Russia’s aggression against Ukraine makes Arctic high priority for West: NATO chief

NATO Secretary-General Jens Stoltenberg and Canadian Prime Minister Justin Trudeau agreed Friday that Russian aggression in Ukraine makes Canada and the alliance’s defense of the Arctic a high priority.

 

Stoltenberg said the key to safeguarding North America and NATO lies in the Arctic.

 

“The shortest path to North America for Russian missiles and bombers would be over the North Pole,” he said at a news conference at Canadian Forces Base Cold Lake, Alberta during a two-day tour of Canada’s Far North defenses. “This makes NORAD’s (North American Aerospace Defense Command) role vital for North America, and therefore also for NATO.”

 

“As I saw for myself at the North Warning System radar site in Cambridge Bay yesterday.

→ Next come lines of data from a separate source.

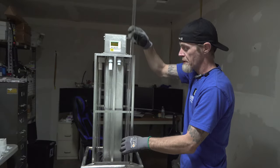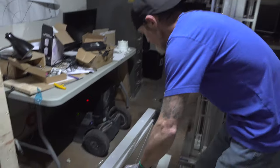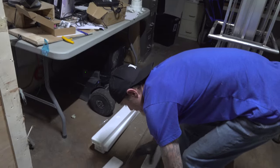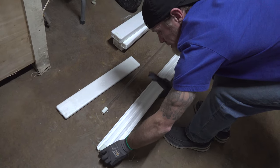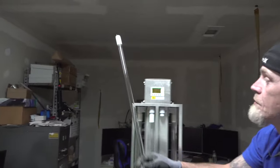Simply slide the bulb completely out of the top cage. Now you are ready to install your new UVC lamp — again assuring that you wear gloves. You simply reverse the process.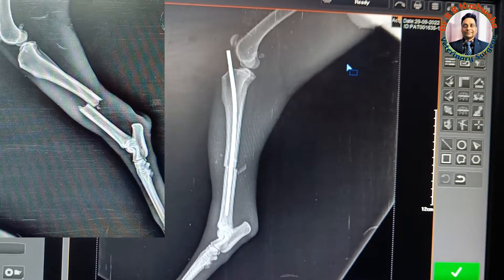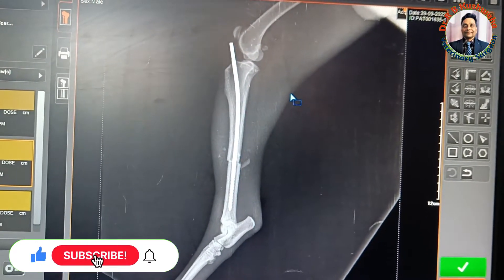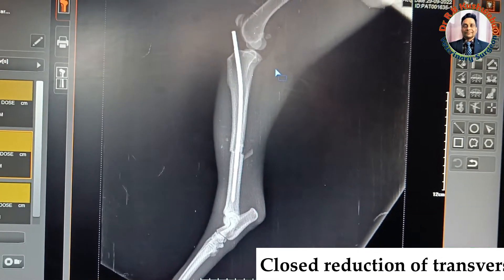This is the immediate post-operative radiograph of the left tibia. We have performed this pinning by closed reduction in a normal grade manner.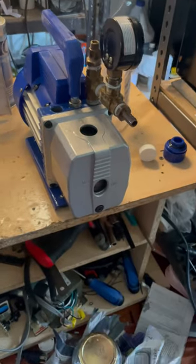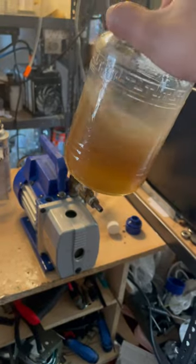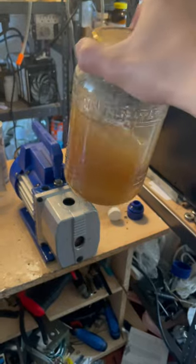I'm giving my vacuum pump a little oil change, and it's looking a lot better actually. Believe it or not, this is actually decent — this is just a tiny bit of rust and a tiny bit of water.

NATO’s new Strategic Concept identifies Russia’s capabilities in the High North as a strategic challenge for the whole Alliance.”

 

Cambridge Bay is home to the Canadian High Arctic Research Station.

 

Stoltenberg said: “Canadian knowledge of the Arctic is unrivaled, it is unique” which makes it so strategically important to counter Russia’s increasing new incursion into the Arctic — it has reopened hundreds of old military sites there that had been established and then mothballed by the former Soviet Union – as well as China which has termed itself a “near-Arctic” nation.

 

Trudeau agreed that Russia’s war in Ukraine has “changed the way we need to look at the Arctic” and the addition of two more Arctic nations, Sweden and Finland into NATO, now under consideration, will also bolster Western allies’ strength to counter Russia.

 

But Canada spends about 1.4% of its Gross National Product on the military, according to 2021 figures, and has been criticized that it spends less than the 2% of its national economy called for by NATO members. When asked if that will increase, Trudeau ducked the question.

 

He said investments in NATO and NORAD are going up because “keeping people safe is our top priority.”

 

But he did not specify dollar figures although Trudeau has promised to spend billions to upgrade an Arctic early warning system and CAN$4.9 billion ($3.76 billion) to bolster NORAD, the North American defense system that Canada and the United States share.